I’m using XWD because it’s not currency hedge.
It’s up 16.57% YTD as of October 27, 2015.
Source Globe Investor.
With the regular changes vanguard has, it seems that if you buy an ETF you don’t know what you’ll be holding in 5 years. Not quite passive.
They seem to be deviating from the idea that it’s better to get something good enough and leave it alone than to constantly make changes seeking minor improvements, and they’re making changes in a way that forces them on current investors instead of giving them a choice.
Never thought I would say this but I would start avoiding vanguard except for investors who want to monitor their portfolio very frequently.
I know Bogle has disagreed with the current management on a few things for some time. Vanguard does not necessarily reflect his vision anymore.
@Richard, I agree 100% with you. I’ve given up on Vanguard Canada. First the MSCI to FTSE changes and now this. They also had a high bid-ask spread for a long time compared to their competition.
I’ve found Blackrock/iShares to be much more predictable. When they introduce/acquire new products, they leave the existing ones alone and leave it up to investors to choose whether they want to switch to new products or not. I’ve also grown to like some of the BMO ETFs and they’ve stayed consistent as well. I’m glad there is competition.

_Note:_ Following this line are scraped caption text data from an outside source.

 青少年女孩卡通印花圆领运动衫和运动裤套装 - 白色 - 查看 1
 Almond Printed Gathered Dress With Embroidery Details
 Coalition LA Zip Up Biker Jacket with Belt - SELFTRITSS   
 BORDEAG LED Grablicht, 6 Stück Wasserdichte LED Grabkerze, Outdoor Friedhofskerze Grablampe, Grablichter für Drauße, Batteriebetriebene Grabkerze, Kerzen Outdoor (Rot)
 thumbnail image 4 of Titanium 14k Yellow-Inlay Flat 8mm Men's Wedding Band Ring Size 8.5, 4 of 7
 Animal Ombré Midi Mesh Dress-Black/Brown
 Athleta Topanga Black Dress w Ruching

Hi, I follow the old model portfolio of using VUN and XEF for Us and International exposure. Given that the MER’s for both VUN and XEF are lower than VXC, would it just make sense to keep VUN and XEF in my portfolio. I take it the additional cost will be to rebalance every year (but that only costs me one additional trade since I rebalance by buying new units). I have over $40,000 combined for VUN and XEF. Thanks.

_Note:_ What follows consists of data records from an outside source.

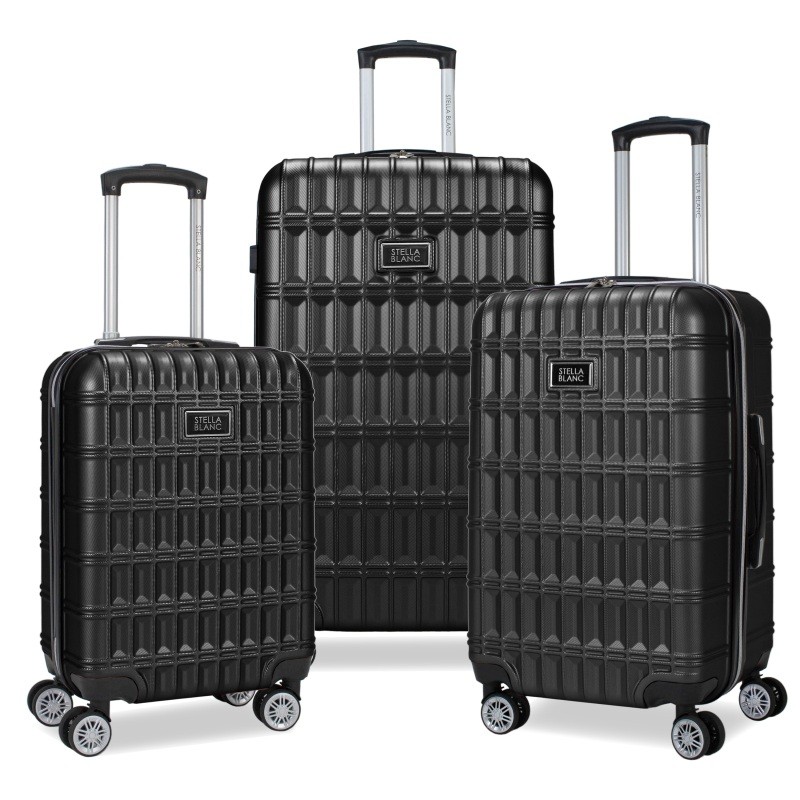 Winslow 3-Piece Hardside Trunk Spinner Luggage Set, Black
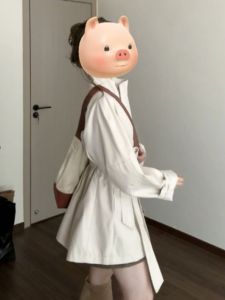 CHANGTONG | Elegant British Style Short Petite Stand Collar Trench Coat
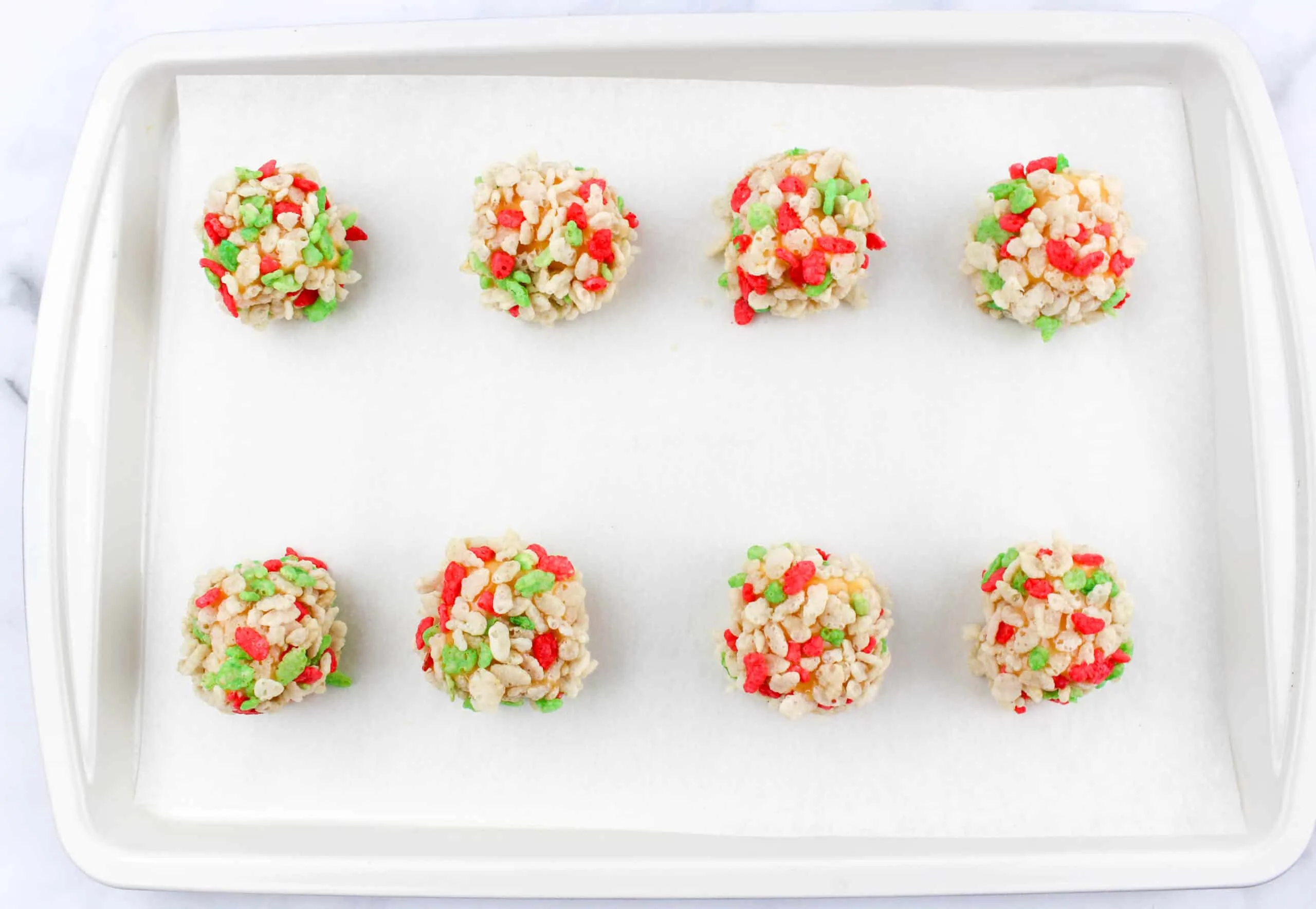 Christmas Caramel Marshmallow Rice Krispies Balls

@tytw00: I would not be in a hurry to switch to VXC if you already own VUN/XEF. The one thing to consider, however, is that VXC also includes emerging markets, so you would need to add a third fund (such as XEC) to more closely match the exposure you’d get from VXC.
Happy New Year – I know you can’t give specific advice – my portfolio is curently based on one of your “older” modela (ZRE; XRB; XIC; VAB; VT:US)
and I really like the even-simpler Option#3 with 3 Vanguard funds. It’s time for my yearly re-balance; does it make sensé to rebalance to the 3 Vanguard funds?
Thanks as always for your informative site.
@Kris: If your goal is to rebalance AND simplify your portfolio, then it may indeed make sense to move to the newer model to strip away the optional asset classes (real return bonds and REITs) and to get away from US-listed ETFs.
However, if the US-listed ETF is in an RRSP, it might be worth sticking with it, because US-listed ETFs are significantly more tax-efficient in RRSPs (but not in other account types).
Moreover, there is no reason to prefer VCN over XIC: both are perfectly good choices.
I love reading Canadian Couch Potato.
I have a question for you: I have $50,000 to invest in non-registered portfolio. I have never invested in ETFs so far and I am seriously thinking (and as I am close to 50 now), in investing in ETFs. Most of my stocks are in Canadian market. The question is if I need to invest in diversified market, what would you suggest? I am in it for long term.( for US and Emerging market – I was thinking about VUN and VWO. Thank you for your opinion.
5 months after this post they still had not added US small caps as pointed out by Justin here. http://www.canadianportfoliomanagerblog.com/perfecting-the-perfect-portfolio/
In a few weeks the next quarterly portfolio disclosure will be issued and holders of VXC will hope Vanguard has finally decided to follow their own new benchmark. What a terrible way to have to invest, not knowing what you’re buying. Ishares and XAW, the clear superior option.